Joy Sterling, Chair of the California Democratic Party Rural Caucus


Catastrophic wildfires and now the pandemic have exposed the widening chasm that is California’s urban/rural “digital divide” that as a widening chasm that adversely impacts public safety, education, healthcare, and our livelihoods.

We have relied on the U.S. telecommunications industry to meet our broadband needs, utilizing a privatized Single Provider Access network model, overseen by the California Public Utilities Commission (CPUC), whereby one major provider ends up serving a given geographic area. This model actively reduces competition in communities and comes close to creating a monopoly.

And, while the major telecommunications carriers in California continue to invest in bringing more capacity and capabilities into already highly connected densely populated areas (urban/suburban), they have minimized, if not completely ceased, investments in less populated and low-income areas (rural/inner city) because the return on investment is not as profitable.

After nearly four decades, this model has not closed the Digital Divide and will not. A new approach is required, one in which the State of California works with local governments, using new federal investment, to proactively close the Digital Divide as a matter of public policy.

Of immediate concern is current law authorizing funding sunsets in December 2022. There is not enough money in the coffers to cover existing projects let alone expansion. The irrefutable need to extend broadband infrastructure in unserved and underserved areas will be overlooked and not just underfunded but most likely unfunded.

There are many legislative efforts underway that would extend and increase resources to expand access to broadband. The Rural Caucus supports these five broadband related bills that have moved out of committee and are advancing to the next round of hearings.

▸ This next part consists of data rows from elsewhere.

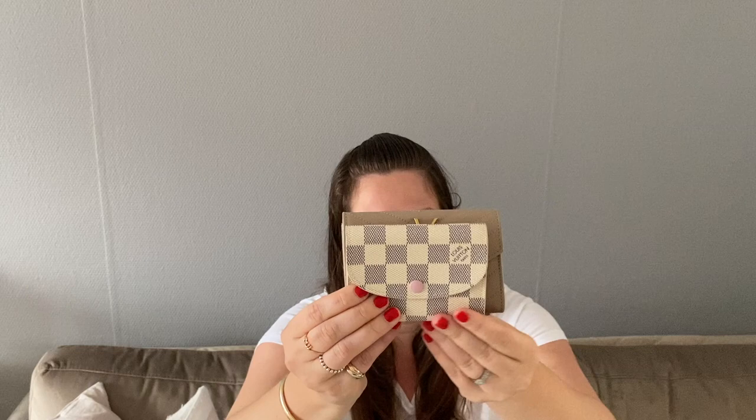I use this as my daily wallet. Before I got this one I used to have my Louis Vuitton Rosalie coin purse in Damier Azur with the rose ballerine lining. In a size comparison you can see that the Saint Laurent one is a tad bigger than the Rosalie and also thicker. The Rosalie is actually super compact, so if you're really looking for a tiny mini wallet that might be better for that.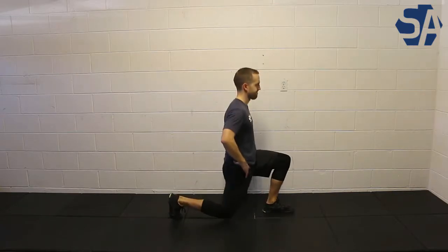From there, you will drive through your front foot, bringing yourself back to the start position.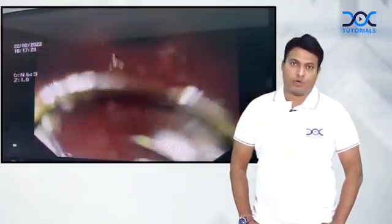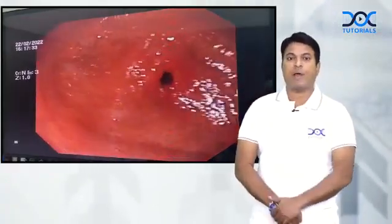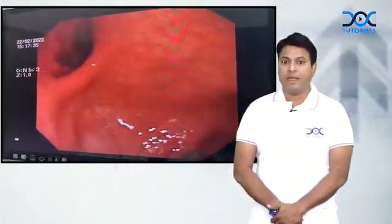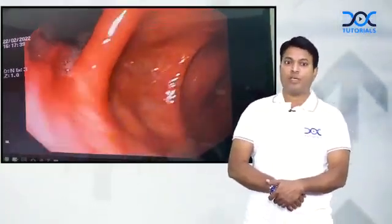You can see there are severe erosions. I am doing a J-maneuver and I am seeing the incisura angularis, going to see the proximal stomach. The fundus is being seen by this J-maneuver.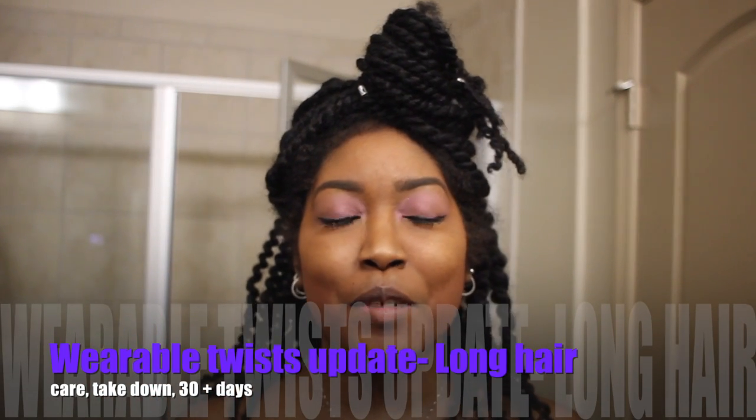Hey guys, so I'm here today with a quick video that I wanted to share with you. I am in my bathroom and I'm talking directly to the camera, so you're going to be able to tell that I'm in my bathroom filming.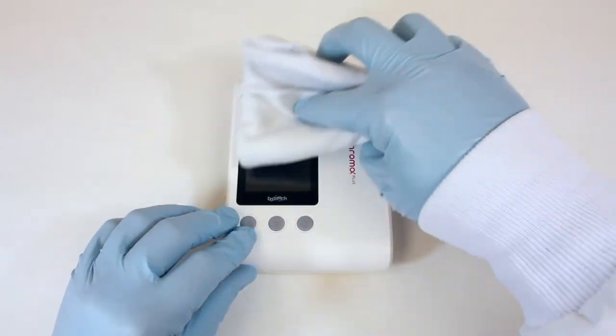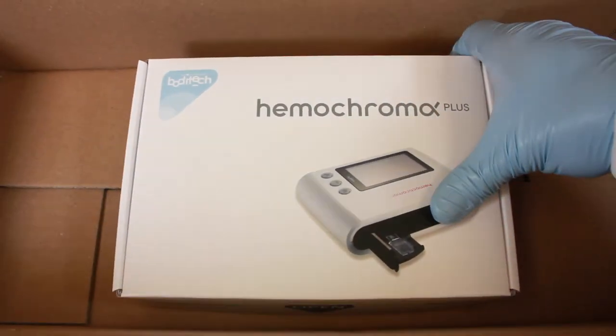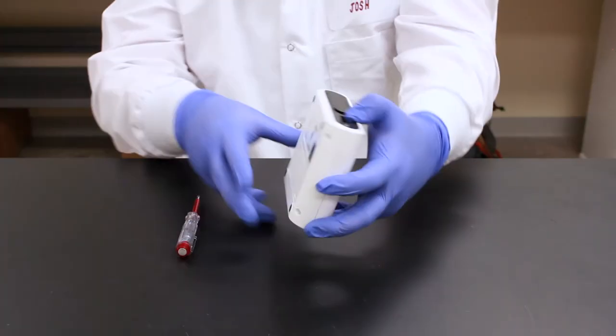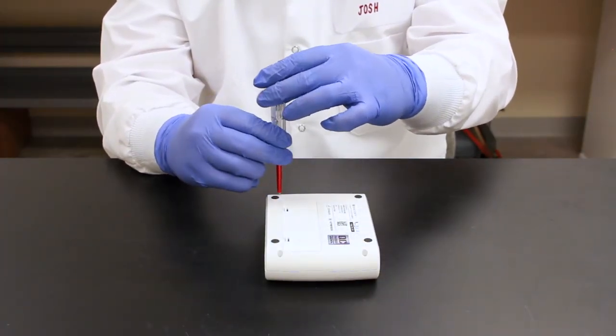Service for Hemochroma Plus Analyzer. No maintenance other than periodic cleaning and disinfecting is required for the analyzer. If it is determined by a technician that service or maintenance is required, a qualified service engineer will need to do service on your device upon it being returned for maintenance.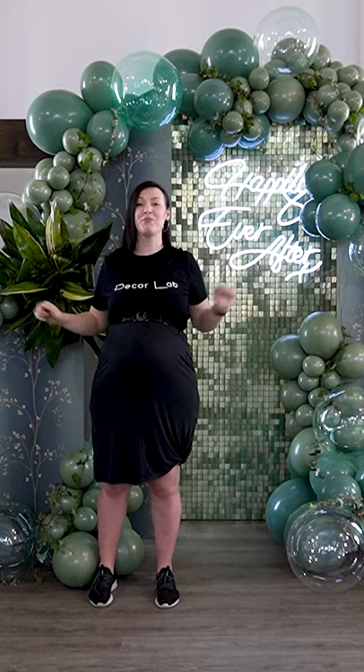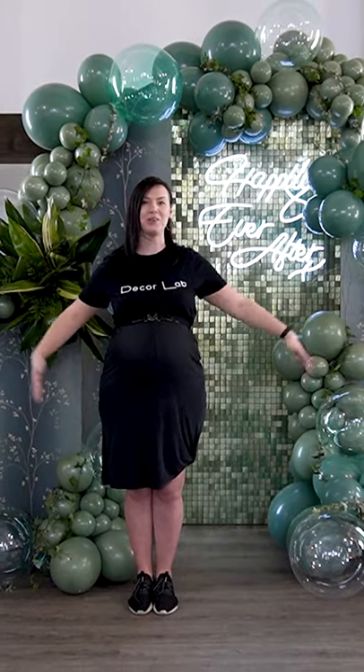Hello everyone! Welcome to DecorLab. My name is Julia and in this video we will show you how to create this jaw dropping display. You can use this display for so many different occasions like for a sitting display, welcoming display. I would like this out as a ceremony display.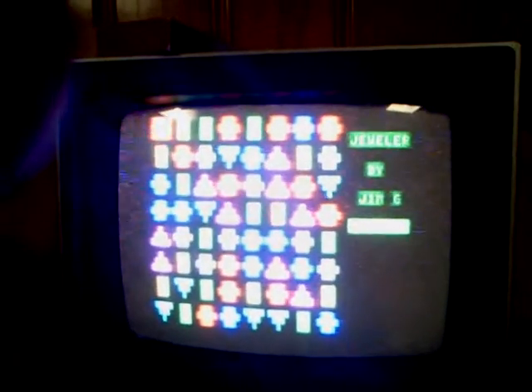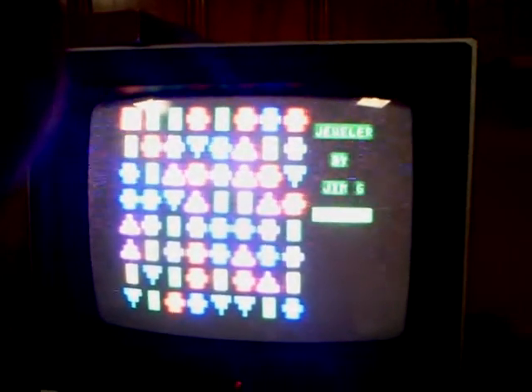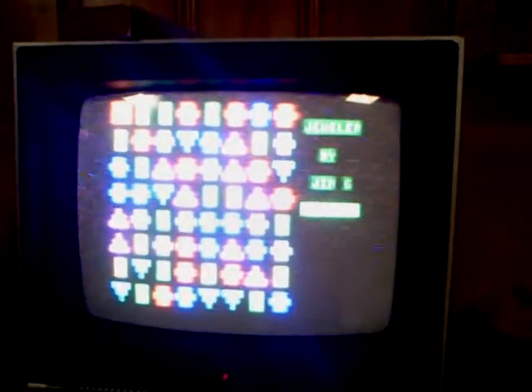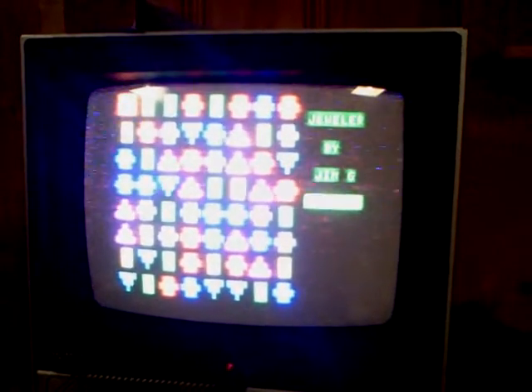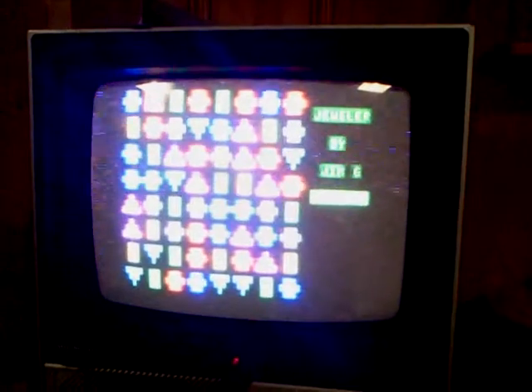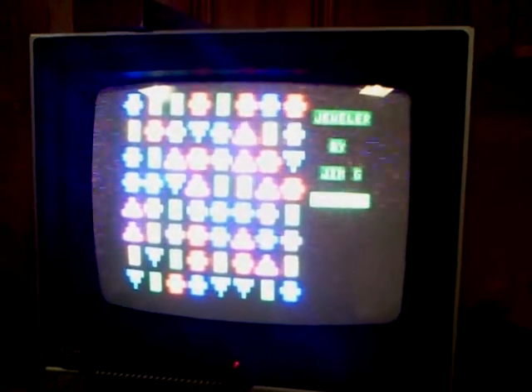This is another program made in BASIC for the TRS-80 MC-10 by Meech and Gary. It's basically a variation of the idea of Bejeweled written in BASIC, so it's not as fast as the original program.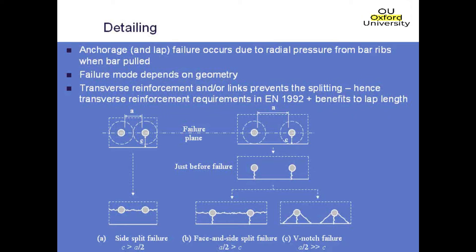Generally speaking, anchorage failures will take one of three different forms, and those forms are illustrated on this slide. The first is the side split failure, which is the one shown on the left-hand side.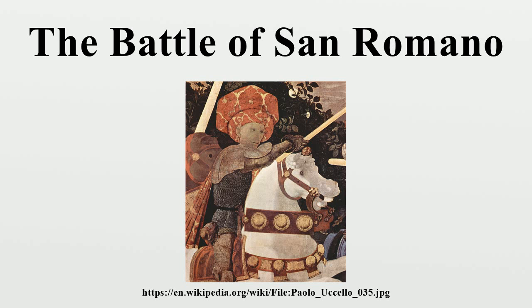The panels were a subject in the BBC series The Private Life of a Masterpiece, 2005.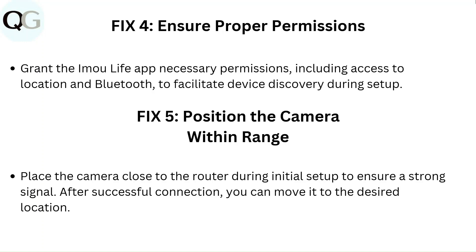Fix 5: Position the camera within range. Place the camera close to the router during initial setup to ensure a strong signal. After a successful connection, you can move it to the desired location.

  • AB 14 (Aguiar-Curry, D-Winters) extends the surcharge for the California Advanced Services Fund (CASF), raises speed standards to the FCC minimum, expands eligibility to include local governments and tribes, and eliminates the “Right of First Refusal” provision in current law, which effectively blocks competition. 
  • SB 4 (Gonzalez, D-Long Beach) extends and updates how CASF is funded, requires higher speeds, and creates the Broadband Bond Financing Securitization Account to fund costs related to broadband bond financing and securities, including the deployment of infrastructure by local governments, tribes and/or nonprofits.
  • AB 34 (Muratsuchi, D-Torrance) would place a general obligation bond measure of up to $10 billion on the November 2022 ballot to fund increased access to broadband services to rural, urban, suburban, and tribal unserved and underserved communities – monies that would be administered by the Department of Technology.
  • AB 41 (Wood, D-Santa Rosa) would update California’s “dig once” policy for CalTrans to help expedite the deployment of broadband infrastructure in unserved and underserved communities and includes a provision for more transparency on the part of providers about planned deployment.
  • SB 28 (Caballero, D-Salinas) would require the Department of Technology to compile an inventory of state-owned resources that may be available for use in the deployment of broadband networks in rural, unserved, and underserved communities, standardize agreements to enable those state-owned resources to be leased or licensed, and would also give the CPUC and local governments the authority to review compliance by certain licensees for actual deployment and quality of service.

Californians have faced repeated crises, from fires to floods to power shutoffs and now a pandemic. As the digital age rockets forward and transforms daily lives, we cannot allow our rural people to be left behind. The California Democratic Party Rural Caucus supports the above legislation.